The Angrakha is a garment that has received global acclaim. Various folk costumes around the world, such as Turkey, have also recently shown a lot of Rajasthani influence in their designs. This shows that this attire is making its way to the global runway.
In terms of being depicted in pop culture, this garment has been shown in Game of Throneshe HBO Series inspired by George. R. R. Martin’s A Song of Ice and Fire.

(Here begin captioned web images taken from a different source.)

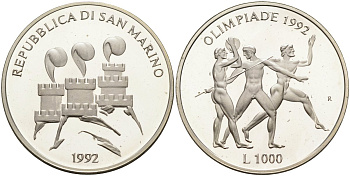 Сан-Марино 1000 лир 1992 XXV летние Олимпийские игры в Барселоне 1992 года, легкая атлетика KM 277 серебро PROOF 1096-4-33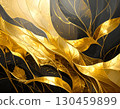 Elegant luxury abstract background pattern with modern art design of gold leaf. Opulent floral wallpaper concept feeling serene and sophisticated with intricate transparent detail 130459899
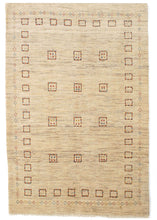 Contemporary Modern Minimal Handwoven South Persian Gabbeh Area Rug with colorful boxes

Due to the asymmetrical nature of the angrakha, it is an extremely interesting piece to work with in the fashion world. Indian designers are known to incorporate the angrakha with different styles of bottoms and accessories to create unique looks for both, men and women. These tops are also not used in daily wear as a cover-all as they are in their traditional form as designers are incorporating western aesthetics such as backless tops, low necks, spaghetti or sleeveless tops, corset tops and so on. The forms of embroidery and work done on them are not just limited to bandhini or mirror work anymore. Moreover, in terms of current fashion trends, designers use a variety of fabrics besides cotton, such as silk, cotton silk, velvet, chiffon and georgette
Wearing the Attire
Traditionally, this attire for women is accessorized with heavy silver jewelry that originates from Rajasthan. These pieces include a head piece that lets small silver coins decorate one’s head and forehead, heavy necklaces, thick silver bangles and payal (anklets) on the feet. However, since this outfit has been taken out of the traditional context, it can be worn with a host of Indian jewelry such as kundan pieces and mang tikkas. The footwear is generally determined by the kind of pants being paired with this.
- Angrakha literally translates into the ‘body protector’.
- Rajput princesses wore elaborate Angrakhas with long inners that were used to layer the outfit and add to the look.
- Children often wear waist-length Angrakhas along with dhoti pants that allow them to play freely.
- Women of higher ranks, in the olden times, wore patkas with their Angrakhas.